Feb 1, 2011 08:44 GMT  ·  By
Optimistic MBA graduates have better career prospects than pessimists, and also spend less time and effort looking for a job.
   Optimistic MBA graduates have better career prospects than pessimists, and also spend less time and effort looking for a job.

A new study carried out by researchers from the Duke University's Fuqua School of Business and the Yale School of Management, concluded that optimistic MBA graduates have better career prospects than pessimists, and also spend less time and effort looking for a job.

Ron Kaniel and David T. Robinson of Duke University's Fuqua School of Business, worked with B. Cade Massey of the Yale School of Management, on this research, focusing on the effects of dispositional optimism (expecting the best possible outcome from any given situation) on job searches and promotions among MBA grads.

The researchers studied 232 MBA students, between 2005 and 2007, assessing their relative dispositional optimism and correlating their answers to the results of their job research.

The results of this study showed that optimistic MBA grads will have better career prospects than those with a pessimistic disposition, and they will also spend less time and effort looking for a job, since they will receive offers more quickly.

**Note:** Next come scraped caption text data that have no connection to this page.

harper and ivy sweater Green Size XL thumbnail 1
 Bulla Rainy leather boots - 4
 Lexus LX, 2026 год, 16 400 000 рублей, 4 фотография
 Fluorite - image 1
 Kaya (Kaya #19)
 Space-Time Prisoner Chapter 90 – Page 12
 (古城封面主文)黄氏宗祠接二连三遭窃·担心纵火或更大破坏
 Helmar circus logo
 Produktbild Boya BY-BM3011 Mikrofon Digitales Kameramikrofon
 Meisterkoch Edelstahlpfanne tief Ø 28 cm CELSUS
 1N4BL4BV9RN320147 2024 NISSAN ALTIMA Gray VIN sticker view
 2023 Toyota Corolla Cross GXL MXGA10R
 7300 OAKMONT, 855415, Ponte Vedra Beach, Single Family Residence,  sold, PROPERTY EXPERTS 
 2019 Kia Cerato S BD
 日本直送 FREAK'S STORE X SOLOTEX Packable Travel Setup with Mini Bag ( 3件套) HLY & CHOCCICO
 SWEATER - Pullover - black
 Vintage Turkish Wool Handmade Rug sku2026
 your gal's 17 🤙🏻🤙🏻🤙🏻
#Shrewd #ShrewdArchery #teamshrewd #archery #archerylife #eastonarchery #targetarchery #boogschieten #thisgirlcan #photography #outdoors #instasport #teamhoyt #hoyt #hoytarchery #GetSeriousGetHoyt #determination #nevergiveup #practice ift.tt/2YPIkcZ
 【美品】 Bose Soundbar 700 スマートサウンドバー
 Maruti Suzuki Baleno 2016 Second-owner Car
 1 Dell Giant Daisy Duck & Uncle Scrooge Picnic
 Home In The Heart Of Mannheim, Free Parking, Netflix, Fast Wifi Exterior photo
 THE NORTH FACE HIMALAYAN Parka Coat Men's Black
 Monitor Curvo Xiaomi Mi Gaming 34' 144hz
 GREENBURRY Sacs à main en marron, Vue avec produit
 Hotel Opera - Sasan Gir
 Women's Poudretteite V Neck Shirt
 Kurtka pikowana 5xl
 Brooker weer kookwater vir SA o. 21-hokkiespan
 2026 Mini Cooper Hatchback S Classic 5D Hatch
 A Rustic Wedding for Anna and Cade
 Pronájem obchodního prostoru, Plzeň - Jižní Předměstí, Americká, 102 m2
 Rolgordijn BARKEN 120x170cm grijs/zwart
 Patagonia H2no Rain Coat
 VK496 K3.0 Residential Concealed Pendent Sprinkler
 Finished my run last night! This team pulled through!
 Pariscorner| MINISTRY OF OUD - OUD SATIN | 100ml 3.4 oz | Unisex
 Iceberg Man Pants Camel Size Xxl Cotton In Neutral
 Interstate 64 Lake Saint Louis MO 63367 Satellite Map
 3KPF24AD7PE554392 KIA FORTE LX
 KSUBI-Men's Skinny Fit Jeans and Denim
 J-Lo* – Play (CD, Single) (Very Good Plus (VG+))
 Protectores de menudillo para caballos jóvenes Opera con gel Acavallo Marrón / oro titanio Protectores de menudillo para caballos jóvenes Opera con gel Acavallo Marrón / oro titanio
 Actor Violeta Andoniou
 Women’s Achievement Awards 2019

Once they get in the working world, optimists have higher chances of being promoted than their pessimistic colleagues, in the first two years of job, and they will also handle difficult situations in a more flexible way.

It seems that this 'luck' is not simply due to karma, and there are several reasons for which optimists outperform others in the job market.

It is only logical that individuals who are articulate and personable are also more optimistic, since they have learned that their interactions with others generally have favorable outcomes.

Otherwise said, good things happen to these people and this is what makes them even more optimistic, determining more good things to come their way.

You could say it's a vicious circle, but the kind that everybody wants in.

For this analysis, the researchers considered variables very carefully, and as Robinson said, “we included a special survey that measured how well-liked and outwardly charismatic these individuals were.

“Optimists certainly appear more charismatic to their peers, and more likely to be destined for success.

“But these measures alone do not account for the findings. Optimism is more than charisma.”

Massey added that “optimists are more willing to disengage from unrealistic courses of action, and re-engage in more practical ones; they are more willing to adapt, and this seems to be part of the reason for their success.”

The study results have been published in a working paper issued by the National Bureau of Economic Research.